(Crawled caption data)
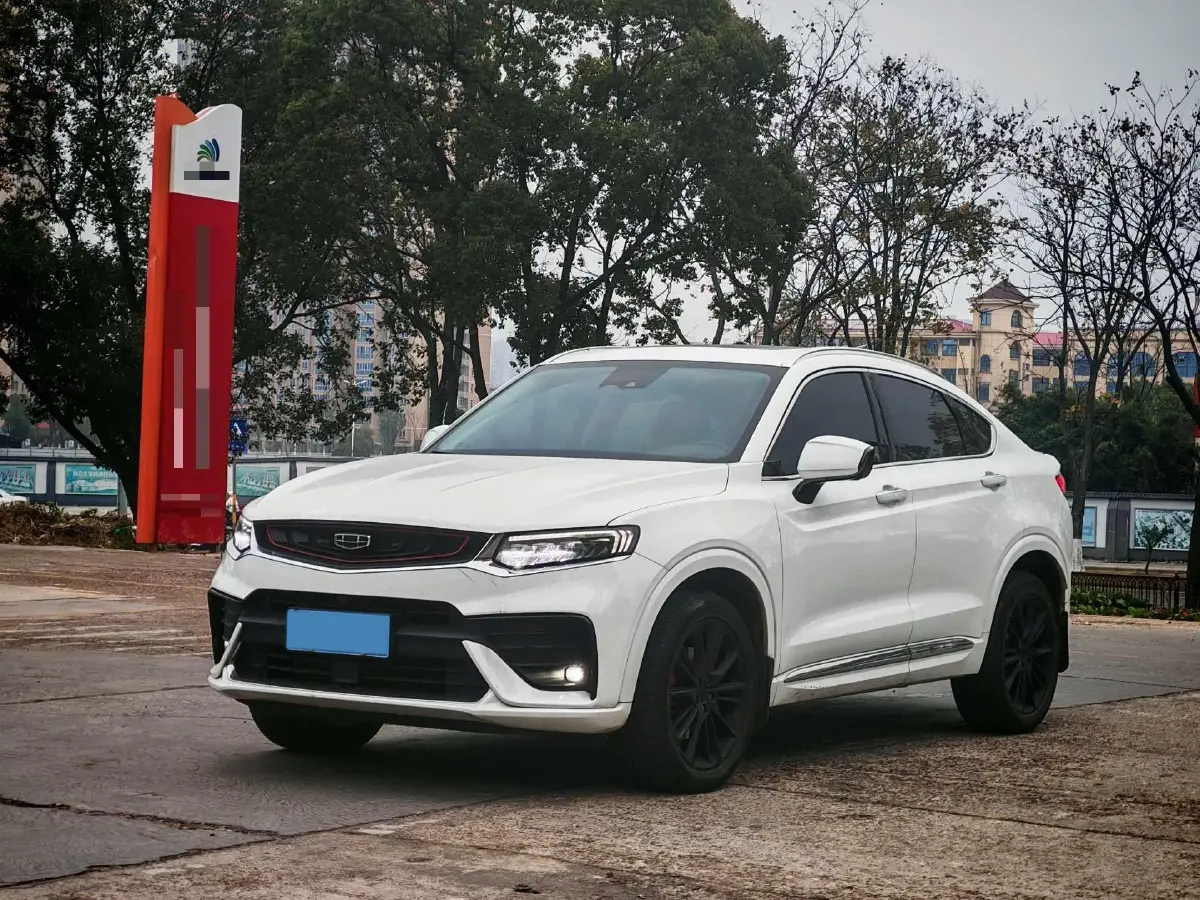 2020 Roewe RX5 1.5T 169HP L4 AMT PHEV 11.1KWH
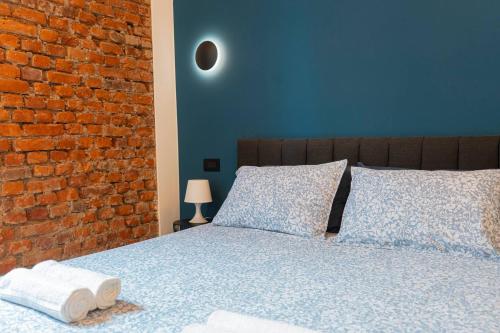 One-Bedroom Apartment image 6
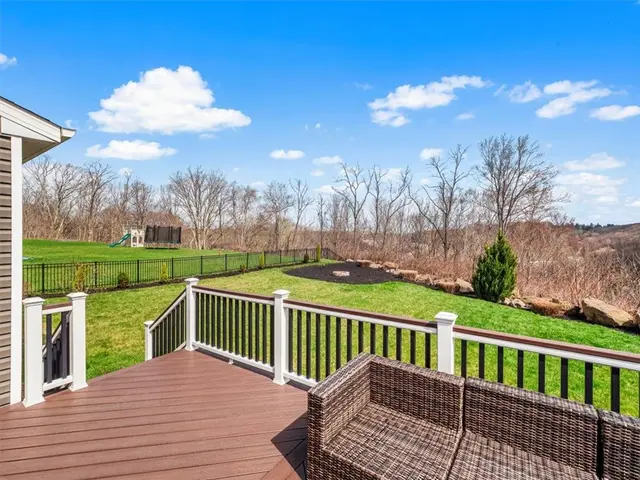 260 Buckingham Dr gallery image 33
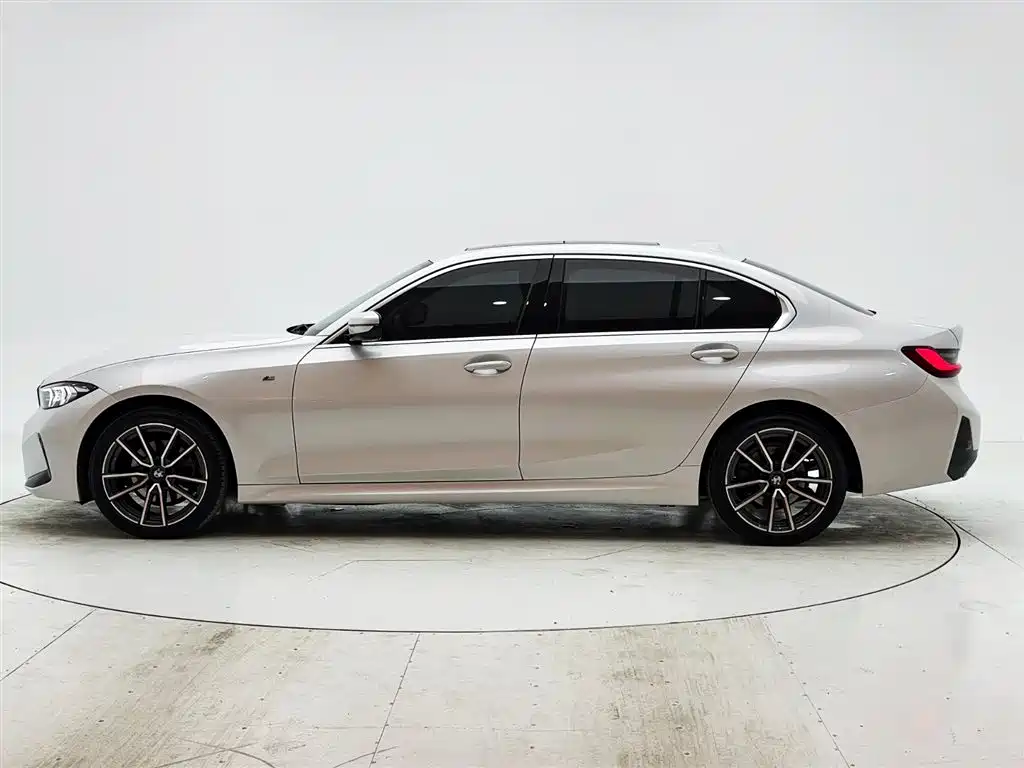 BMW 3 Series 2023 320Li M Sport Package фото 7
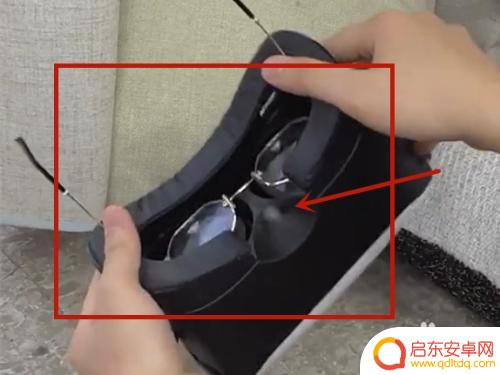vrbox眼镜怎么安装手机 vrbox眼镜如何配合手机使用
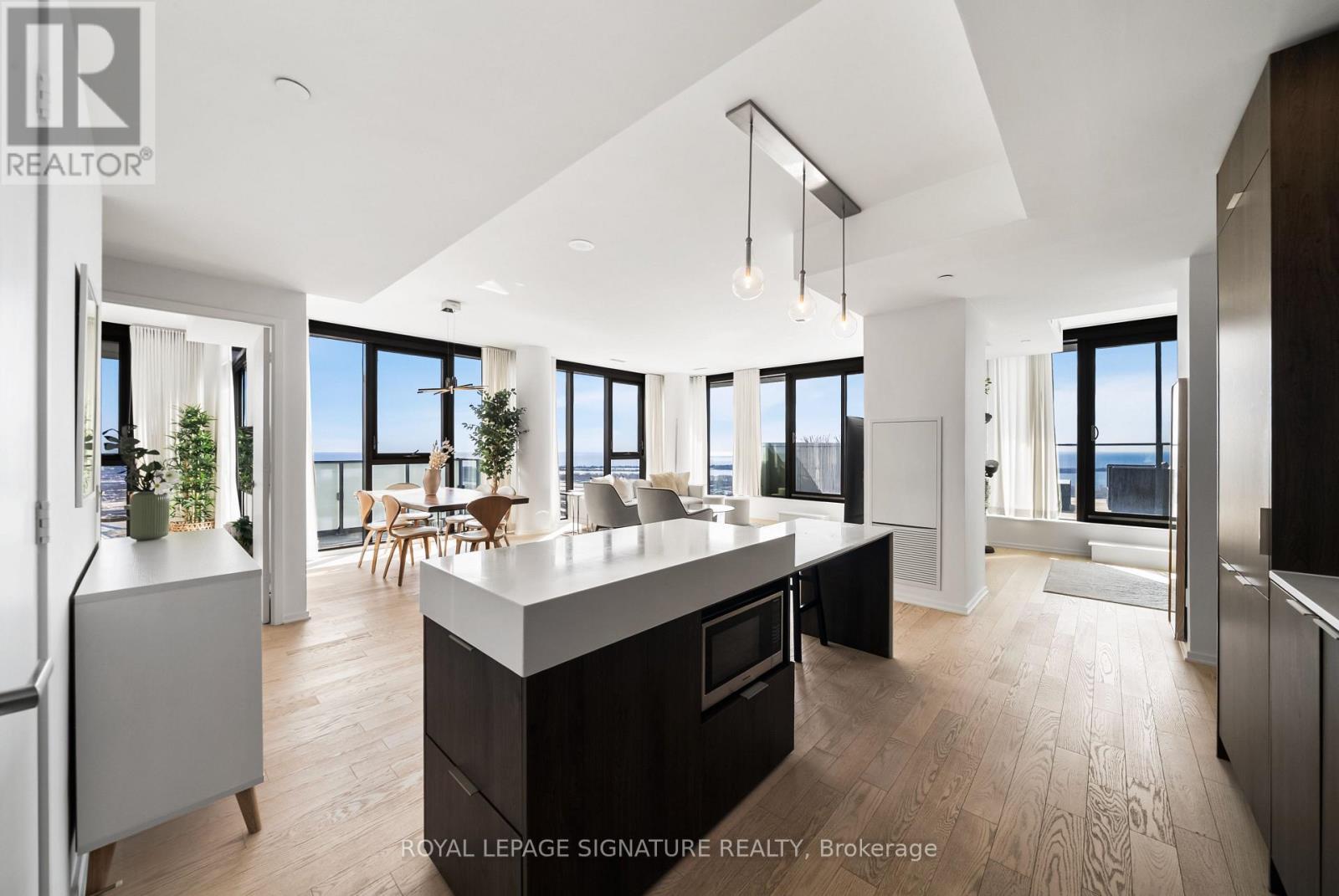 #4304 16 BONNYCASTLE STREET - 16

## Task prompt
Could you repeat all of the entries exactly, without any of the images?

## Solved problem
 2020 Roewe RX5 1.5T 169HP L4 AMT PHEV 11.1KWH
 One-Bedroom Apartment image 6
 260 Buckingham Dr gallery image 33
 BMW 3 Series 2023 320Li M Sport Package фото 7
vrbox眼镜怎么安装手机 vrbox眼镜如何配合手机使用
 #4304 16 BONNYCASTLE STREET - 16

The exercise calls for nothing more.